By Brad Pritchard of Empty Nest
When Gregg and Lynn Pilson decided to relocate to an adult lifestyle community, the last question on their minds was whether they were too young to fit in. About five years ago, the couple moved to Briar Hill, located just east of Alliston, Ont. At the time, the couple was past their mid-40’s and were looking for a place for Gregg’s recently widowed mother to live.
The married couple of 25 years had been living in the nearby community of Loretto where they raised their three kids. They admit they had never heard of Briar Hill, nor had they ever considered living a in a similar type of community.
“We never came here before,” Lynn admitted in a recent interview. “We’re from the area and we never knew it existed.”
It turned out that the community didn’t appeal to Gregg’s mom, but for the Pilsons, after learning of the amenities and maintenance-free living offered at Briar Hill, it was a done deal. Soon after, they told their kids it was time to move out, and the rest is history.
The couple said they initially had concerns about fitting into a neighbourhood with varied demographics, but not at Briar Hill.
“We worried about how we would fit into a new neighbourhood with younger families,” Gregg said. “But to downsize and go to a normal subdivision, that just didn’t appeal to us. We knew that we were getting here.”
The couple has since settled into their community, where they estimate the age of most of their neighbours ranges from 60 and up- so 10 or so years older than them. Gregg is 48, Lynn 53. (The kids are all adults now and have moved out.) Gregg continues working full-time at the nearby Honda plant, while Lynn works part-time as a graphic designer and at her family’s sod farm.
While some people may have trouble relating to someone 20 or 30 years their elder, the Pilsons say this is where they belong. “It’s great, we love living here,” Gregg admits. “We have fantastic neighbours.”
“We fit in just fine,” Lynn added. The community has embraced the Pilsons and whenever their age comes into question, a few laughs are sure to follow.
“Our neighbours, they always bug my husband and tell him to get back to work because they need their pension cheques,” Lynn quipped.
When you ask the couple why they have managed it fit in so well, despite being considered young, it all comes down to one simple factor. “It’s the lifestyle we love. We know everyone in this community and we are all like-minded and we hold the same values. I think 95 percent of the phase plays golf, which helps too.” Gregg said.
According to Erik Peters, the manager of marketing and community relations for Parkbridge Lifestyle Communities, which has 17 adult communities across Ontario, cases like the Pilson’s remain uncommon.
“Generally speaking, the age range of residents moving into the communities is 55 to 68,” he said. “We do have some examples where you’ll have people coming in their early 40’s shopping for their parents. They will come through and do the initial homework on it and take it back, then subsequently come in. But ultimately it’s the parents who come in.

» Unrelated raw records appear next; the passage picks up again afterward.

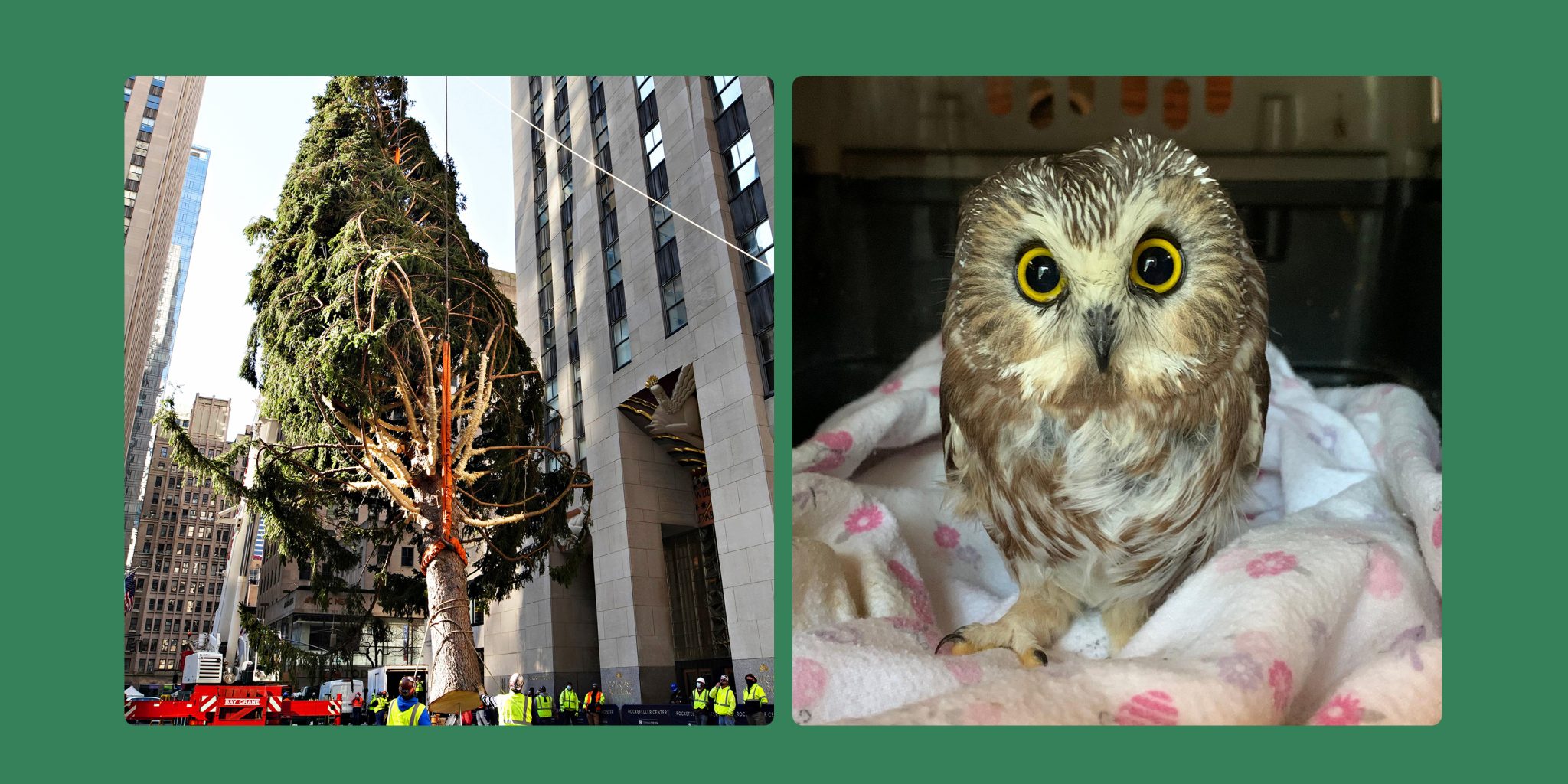 rockefeller owl plush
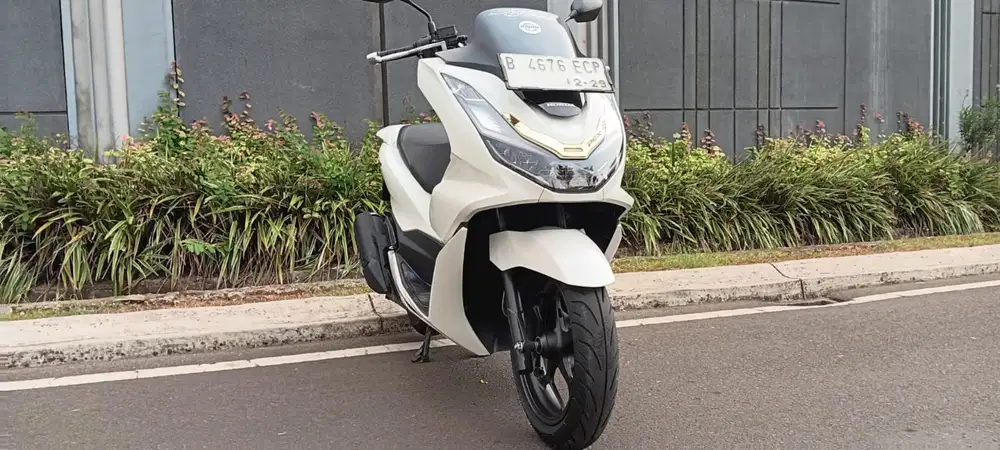 PCX 160 2024 white pavorite
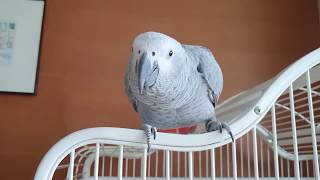 우리집 앵무새가 말썽쟁이가 된 이유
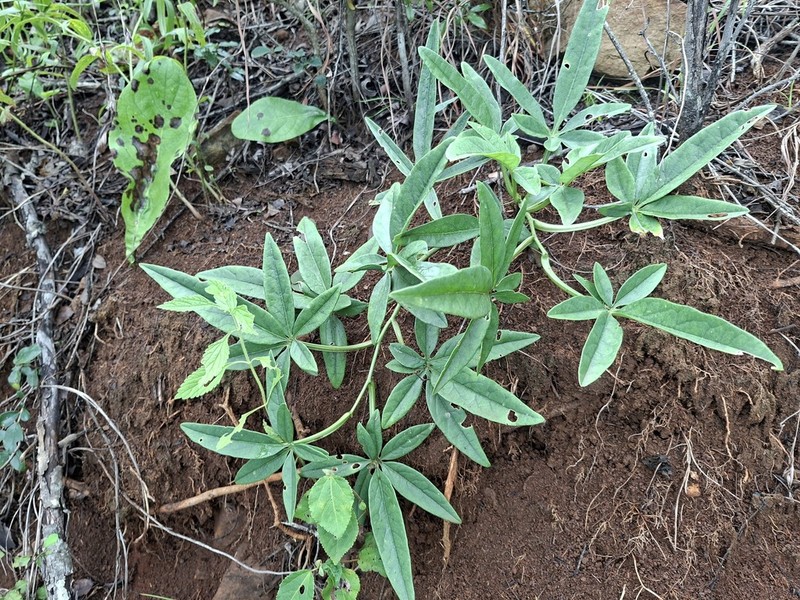 Adenia wilmsii photo 8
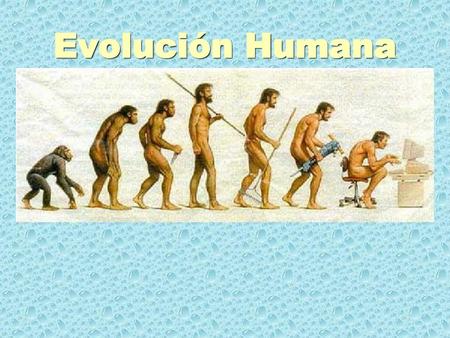 Evolución Humana.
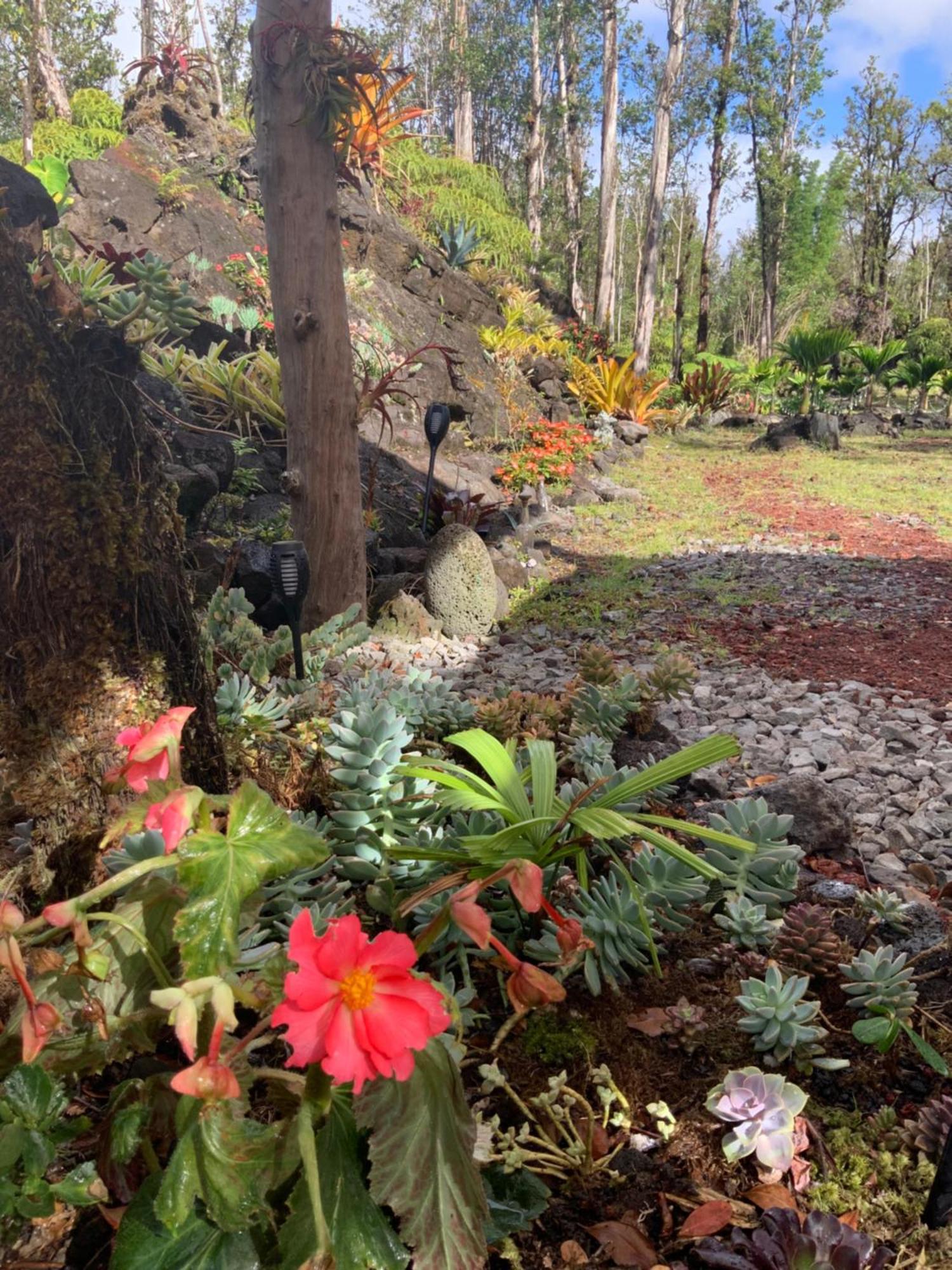 Exotic Garden Cottage At Amazing Volcano Fissure Mountain View Екстериор снимка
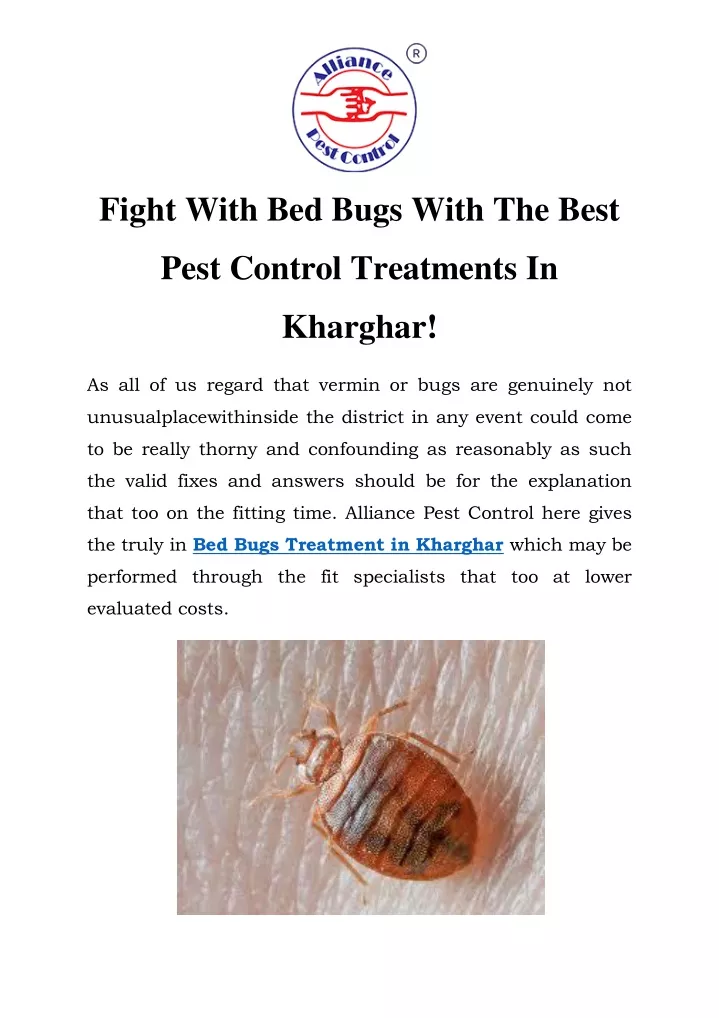 fight with bed bugs with the best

“If you get someone is their early 40’s, they might like the situation itself, but they look at the demographics and ask themselves if they want to be moving in with people in their fifties and sixties.”
Peter said while some people may be looking to downsize to their golden years and relocate where they don’t have to worry about taking care of their home, ultimately that’s not what motivates people to make the move.
“They are really buying a lifestyle in these communities,” he says, adding that the actual definition of retirement continues to evolve.
He said communities like Briar Hill offer a non-traditional concept of retirement, which is, “You get your gold watch, venture down south and play golf the sun five times a week.”
“It’s often the lifestyle, the community, or the surrounding area that they are embracing,” Peters said.
The Pilsons admit that golf was one of the huge selling points of their community. Residents of Briar Hill have 45 holes of golf at their disposal. “In the summer, we are right here on the golf courses and we’re out there and all our neighbours are golfers too. Again, it’s the lifestyle,” Gregg said.
Lynn never golfed before moving to Briar Hill, but now you can’t keep her off the fairways. “Now we don’t have to come home from work and cut grass, and do all that other stuff. We just come home and golf,” Lynn said.
Peters said “large active social networks “are key in adult lifestyle communities. “You tend to find individuals who are seeking out likeminded people who hold the same set of values and interests,” he said.
Since moving to Briar Hill, the couple admits that for the first time in their adult life, they feel as if they are part of a real community.
Perhaps this is why one can understand the couple when they say, “Age doesn’t matter.” They said everyone looks out for each other and that there is a tangible sense of belonging where they live.